== Data for analysis ==
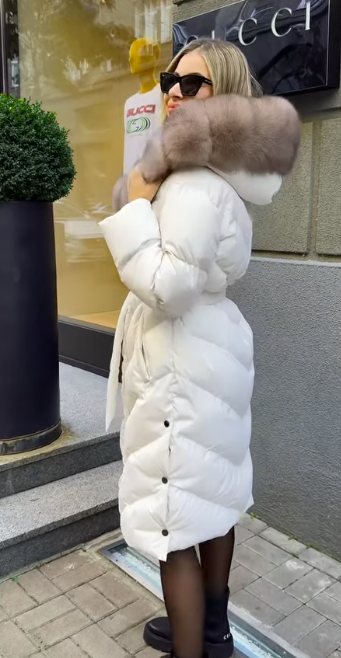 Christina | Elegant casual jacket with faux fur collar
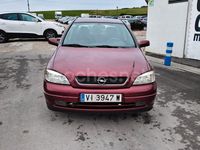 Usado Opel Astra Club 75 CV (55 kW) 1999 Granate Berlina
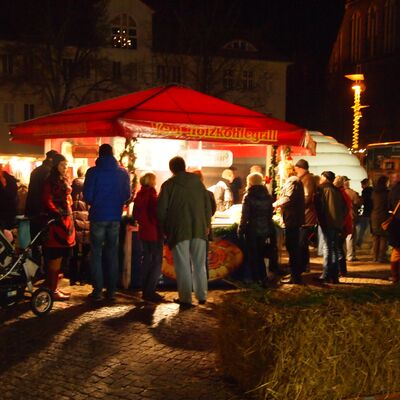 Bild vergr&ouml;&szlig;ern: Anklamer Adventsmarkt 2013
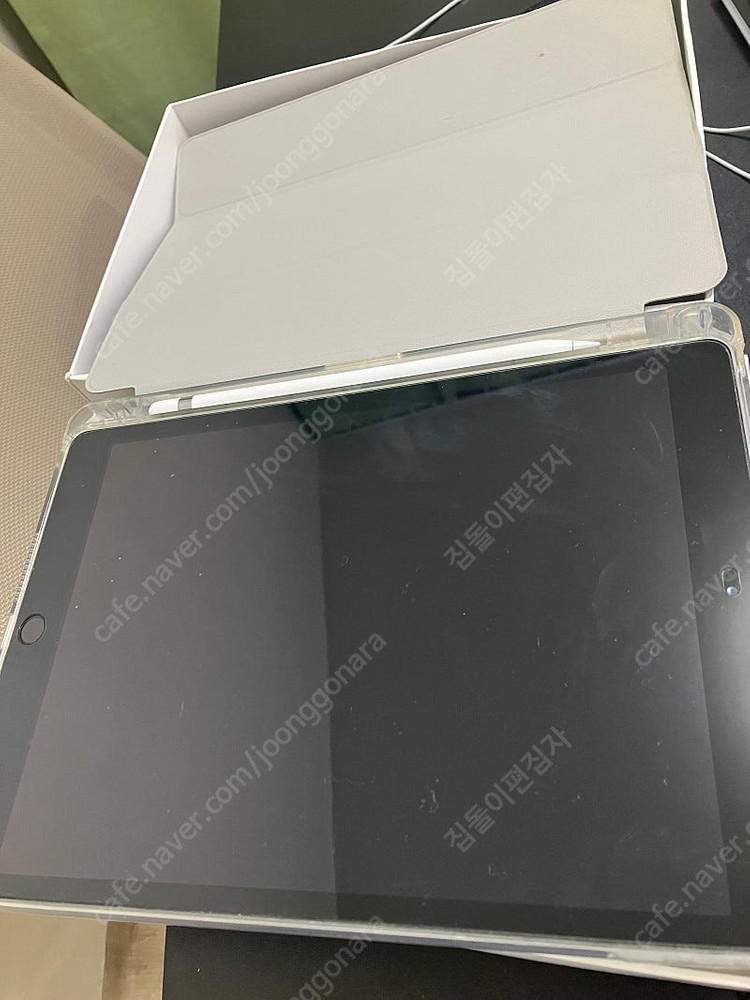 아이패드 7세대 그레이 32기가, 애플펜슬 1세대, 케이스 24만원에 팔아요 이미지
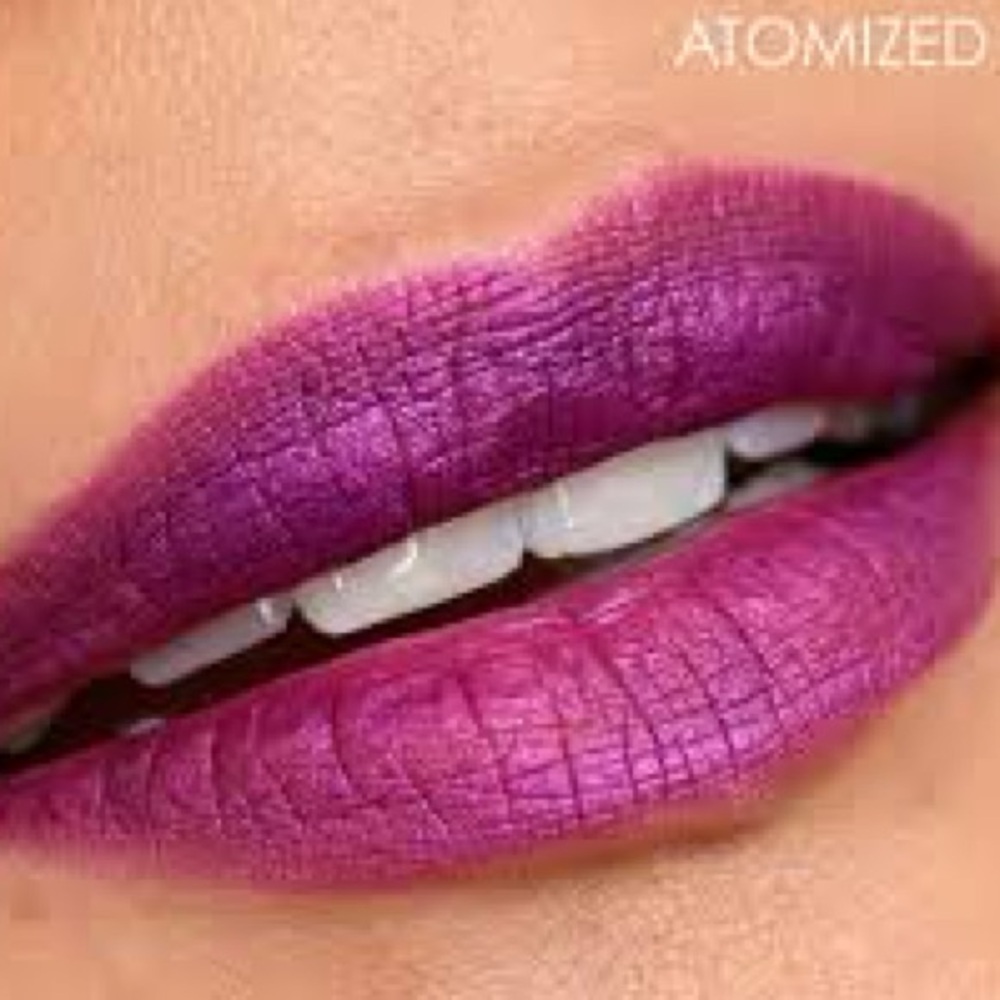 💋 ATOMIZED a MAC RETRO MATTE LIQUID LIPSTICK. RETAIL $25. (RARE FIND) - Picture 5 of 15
===
» **Work item**
Say again, exactly, only those lines of the records that run from the start through the line with "아이패드 7세대 그레이". Pictures are to be skipped.

» **Solution**
 Christina | Elegant casual jacket with faux fur collar
 Usado Opel Astra Club 75 CV (55 kW) 1999 Granate Berlina
 Bild vergr&ouml;&szlig;ern: Anklamer Adventsmarkt 2013
 아이패드 7세대 그레이 32기가, 애플펜슬 1세대, 케이스 24만원에 팔아요 이미지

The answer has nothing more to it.